Give your gutters the attention they deserve
When fall hits, your gutters will be inundated with falling leaves. And when that wet winter comes, they will be working overtime diverting water away from your roof and foundation. Very few home prep tasks can do more to keep you dry than a proper gutter cleaning. Make sure you tackle this at the end of summer, before the leaves fall. If you live in a place where you have to deal with a lot of leaves, pine needles, and precipitation, it may be worth it to look into gutter guards.
Even if you don’t have time yourself, it’s a job that is easily (and cheaply) outsourced. According to HomeAdvisor, the average price to clean gutters and downspouts is $142 – $259 and the project timeline is around 6 hours.
Dry up the basement
A wet basement in the winter is something many of us have to deal with. There are some things you can do right now, however, to dry up your basement as much as possible.
The easiest thing is to fill gaps and cracks around your plumbing with caulk. The next step is to make sure your drains are unclogged. While the weather is still nice, you can take some time and install french drains around your home, which will carry water away from your foundation. They are quite DIY-friendly (here is a guide). For more tips on keeping that basement dry, check here.
Treat your wood
Even mild, wet winters can do a lot of damage to the wood around your property if you don’t take steps to treat it right.

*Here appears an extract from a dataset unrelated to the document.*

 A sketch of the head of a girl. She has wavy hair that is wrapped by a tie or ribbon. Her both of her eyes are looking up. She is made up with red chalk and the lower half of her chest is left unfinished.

This includes decks, patios, and fencing. Waterproofing wood is pretty easy, and there are plenty of commercial-grade sealants on the market that require fewer than three coats to completely seal your wood. If you want to take a more Earth-friendly, natural approach there are methods you can try – but they are unlikely to be as effective as a chemical sealer.
Seal your portals
Mild winters are still winters, and with rainy weather comes wind and cooler temperatures. You may not realize how much heat you’re losing through your portals – your windows and doors. You may not even feel a draft. But it never hurts to seal your portals if for no other reason than to save money on your heating costs. Weatherstripping works, but for a better seal use caulk on window edges. For doors with large gaps at the floor level, you may want to invest in a draft stopper strip. You can DIY these, if you want.
When we think about winter prep we usually think of preventing pipes from freezing, cleaning chimneys for fires, and turning off outside water sources. This is all important if you are expecting a very cold season, but for some, winter means only cool temps and a lot of rain. Trying to prep your home for a wet winter once it’s already begun is beyond tedious. Don’t play catch up. Take the time today to make sure you’re ready.